**EXERCISE**
Only the pictures should be left out; write out all other data exactly.
──────── DATASET EXTRACT
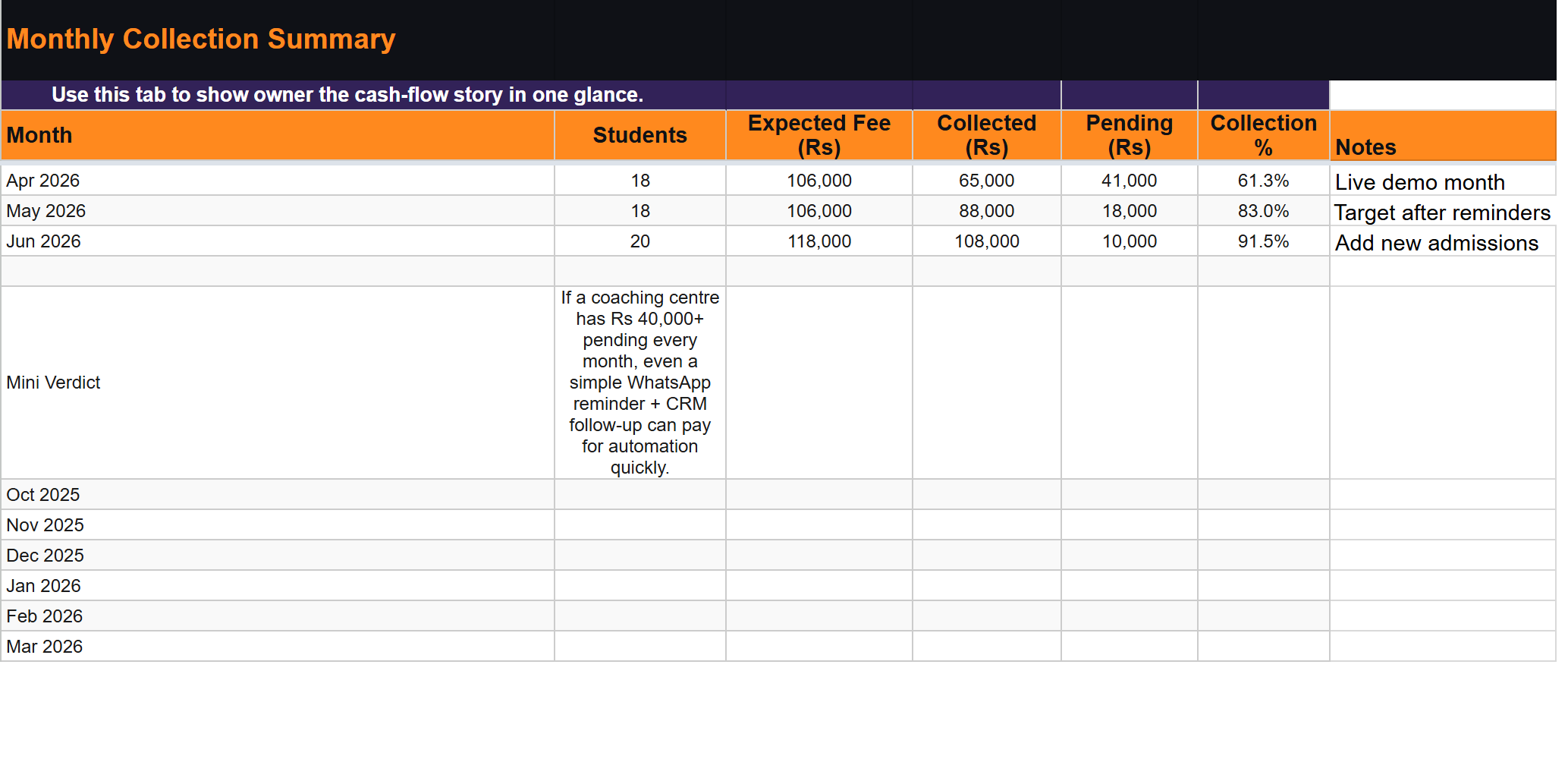 Monthly collection summary with collection % per month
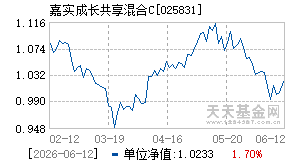 025831基金近期净值走势图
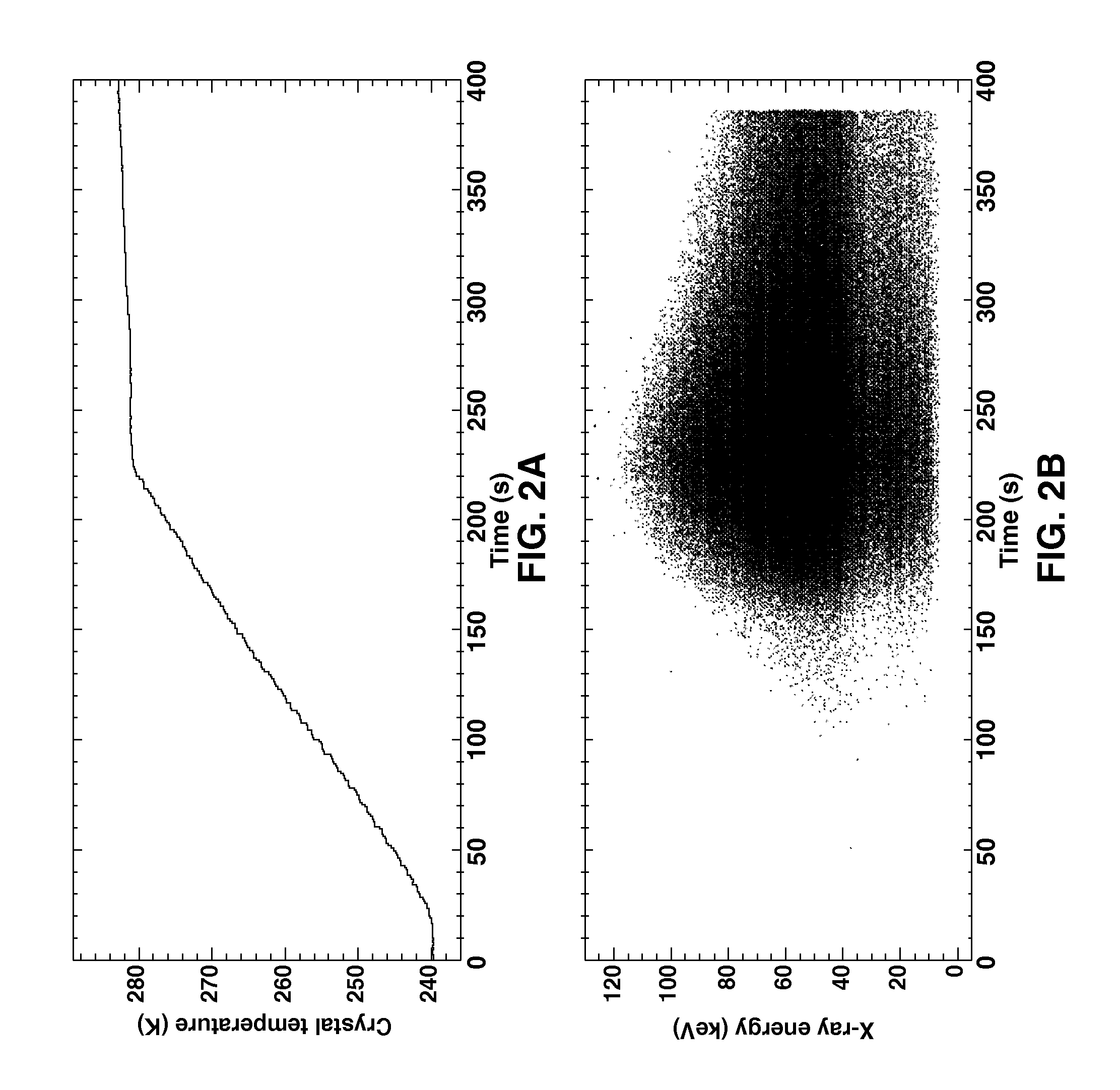 Method and apparatus for generating nuclear fusion using crystalline materials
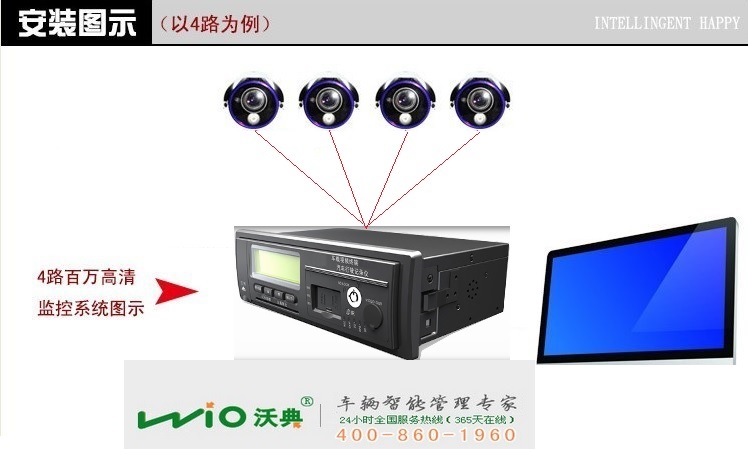 客运车辆车载视频监控解决方案  4G车载视屏监控终端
────────────────
**TASK OUTPUT**
 Monthly collection summary with collection % per month
 025831基金近期净值走势图
 Method and apparatus for generating nuclear fusion using crystalline materials
 客运车辆车载视频监控解决方案  4G车载视屏监控终端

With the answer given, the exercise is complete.